Desde el 2021, resulta especialmente interesante la perspectiva de Camus sobre el futuro político a largo plazo y la idea de utopía, de la que —de nuevo, preocupado por la certeza y los absolutos— desconfía. En primer lugar, el escritor dibuja un futuro cegado, arrasado por el enorme trauma colectivo del genocidio y la guerra. “La mayoría de los hombres (salvo los creyentes de cualquier categoría) carecen de futuro”, se lamenta en 1946. Este no es un problema íntimo, dice, sino colectivo: “No hay vida valida si no tiene proyección hacia el futuro, si no existe promesa de maduración y de progreso. Vivir pegado a una pared es la vida de los perros”. Pero para Camus la mirada hacia el futuro no puede suponer la entrega a una ideología utópica, que para él conllevaba los matices de absoluta y, por lo tanto, dispuesta a poner los fines sobre los medios. Mientras muchos de sus contemporáneos miraban a Rusia como modelo y proclamaban la necesidad de una transformación total de la sociedad, él proponía un término medio menos atractivo.

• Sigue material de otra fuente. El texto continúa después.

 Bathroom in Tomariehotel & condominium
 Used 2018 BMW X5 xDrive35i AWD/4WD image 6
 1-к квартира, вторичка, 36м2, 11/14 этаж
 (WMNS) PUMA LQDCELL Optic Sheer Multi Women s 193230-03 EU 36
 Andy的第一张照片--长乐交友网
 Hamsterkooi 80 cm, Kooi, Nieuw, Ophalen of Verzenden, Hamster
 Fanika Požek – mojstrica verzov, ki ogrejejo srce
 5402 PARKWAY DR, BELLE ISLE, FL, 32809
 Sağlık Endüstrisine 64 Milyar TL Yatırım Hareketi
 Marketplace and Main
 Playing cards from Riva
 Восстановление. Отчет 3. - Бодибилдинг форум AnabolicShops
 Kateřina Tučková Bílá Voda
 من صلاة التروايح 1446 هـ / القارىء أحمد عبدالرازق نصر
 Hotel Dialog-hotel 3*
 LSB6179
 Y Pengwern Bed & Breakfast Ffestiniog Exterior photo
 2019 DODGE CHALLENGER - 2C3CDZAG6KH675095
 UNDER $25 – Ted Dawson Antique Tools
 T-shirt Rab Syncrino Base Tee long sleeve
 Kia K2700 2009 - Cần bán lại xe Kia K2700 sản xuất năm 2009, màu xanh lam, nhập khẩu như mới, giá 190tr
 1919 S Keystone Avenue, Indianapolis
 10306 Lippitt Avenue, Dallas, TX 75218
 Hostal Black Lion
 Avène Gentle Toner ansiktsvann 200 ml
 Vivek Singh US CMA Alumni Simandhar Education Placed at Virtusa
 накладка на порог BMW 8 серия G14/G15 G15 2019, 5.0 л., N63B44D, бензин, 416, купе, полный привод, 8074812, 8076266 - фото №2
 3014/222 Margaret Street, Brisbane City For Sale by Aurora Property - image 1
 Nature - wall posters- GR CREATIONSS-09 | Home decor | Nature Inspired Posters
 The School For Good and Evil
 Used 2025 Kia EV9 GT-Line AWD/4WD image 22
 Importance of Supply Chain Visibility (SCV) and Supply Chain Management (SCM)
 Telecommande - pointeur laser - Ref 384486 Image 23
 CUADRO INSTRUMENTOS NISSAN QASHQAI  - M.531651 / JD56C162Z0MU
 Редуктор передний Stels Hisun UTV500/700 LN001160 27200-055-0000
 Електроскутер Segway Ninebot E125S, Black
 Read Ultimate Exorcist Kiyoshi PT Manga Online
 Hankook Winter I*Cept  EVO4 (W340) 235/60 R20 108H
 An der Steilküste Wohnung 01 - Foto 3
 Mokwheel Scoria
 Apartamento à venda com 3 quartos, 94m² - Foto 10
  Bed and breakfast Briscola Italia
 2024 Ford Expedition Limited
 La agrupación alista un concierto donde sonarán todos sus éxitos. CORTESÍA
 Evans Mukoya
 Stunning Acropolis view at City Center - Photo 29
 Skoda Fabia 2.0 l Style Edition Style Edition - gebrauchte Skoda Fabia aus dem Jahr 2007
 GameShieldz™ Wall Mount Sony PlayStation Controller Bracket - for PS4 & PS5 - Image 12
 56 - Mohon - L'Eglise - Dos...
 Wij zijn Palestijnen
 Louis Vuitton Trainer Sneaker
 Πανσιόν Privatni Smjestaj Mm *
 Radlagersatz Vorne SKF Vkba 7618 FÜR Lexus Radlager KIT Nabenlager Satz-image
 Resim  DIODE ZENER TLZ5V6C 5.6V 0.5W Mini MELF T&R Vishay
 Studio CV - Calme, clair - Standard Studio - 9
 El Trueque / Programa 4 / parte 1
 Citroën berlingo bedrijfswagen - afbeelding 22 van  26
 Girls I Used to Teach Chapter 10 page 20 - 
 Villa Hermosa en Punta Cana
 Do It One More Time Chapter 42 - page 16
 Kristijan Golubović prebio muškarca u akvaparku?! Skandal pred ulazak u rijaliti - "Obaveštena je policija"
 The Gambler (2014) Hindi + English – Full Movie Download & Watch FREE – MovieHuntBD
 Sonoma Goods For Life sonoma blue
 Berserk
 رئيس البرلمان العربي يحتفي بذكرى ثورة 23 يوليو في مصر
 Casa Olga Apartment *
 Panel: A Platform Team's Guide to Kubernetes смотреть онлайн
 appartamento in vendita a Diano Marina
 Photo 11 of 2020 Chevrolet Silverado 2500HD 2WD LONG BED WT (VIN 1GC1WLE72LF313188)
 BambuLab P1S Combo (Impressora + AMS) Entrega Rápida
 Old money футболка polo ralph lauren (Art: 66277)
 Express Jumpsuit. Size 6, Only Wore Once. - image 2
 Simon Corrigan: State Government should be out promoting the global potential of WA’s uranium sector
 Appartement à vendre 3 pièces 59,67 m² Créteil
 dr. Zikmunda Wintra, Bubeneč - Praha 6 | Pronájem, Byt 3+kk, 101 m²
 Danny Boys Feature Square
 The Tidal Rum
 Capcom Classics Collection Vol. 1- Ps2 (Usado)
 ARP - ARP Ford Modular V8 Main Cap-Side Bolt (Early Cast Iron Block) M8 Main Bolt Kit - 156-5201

“El contenido de [la] palabra [revolución] hoy debe aceptarse en bloque o rechazarse en bloque. Si se acepta, hay que admitir la responsabilidad consciente de la guerra por llegar. Si se rechaza, o hay que declararse partidario del statu quo, que es la utopía total en la medida en que supone la inmovilización de la historia, o hay que renovar el contenido de la palabra 'revolución' lo que supone que se consiente eso que llamaré la 'utopía relativa”. Esto escribe a final de 1946. Para Camus, solo hay una elección posible. En un extremo, esperan “los osarios que se avecinan”, en el otro, la imposibilidad de un tiempo detenido. “Esta utopía relativa es la única posible, y es la única que cuenta con la inspiración del espíritu de la realidad”.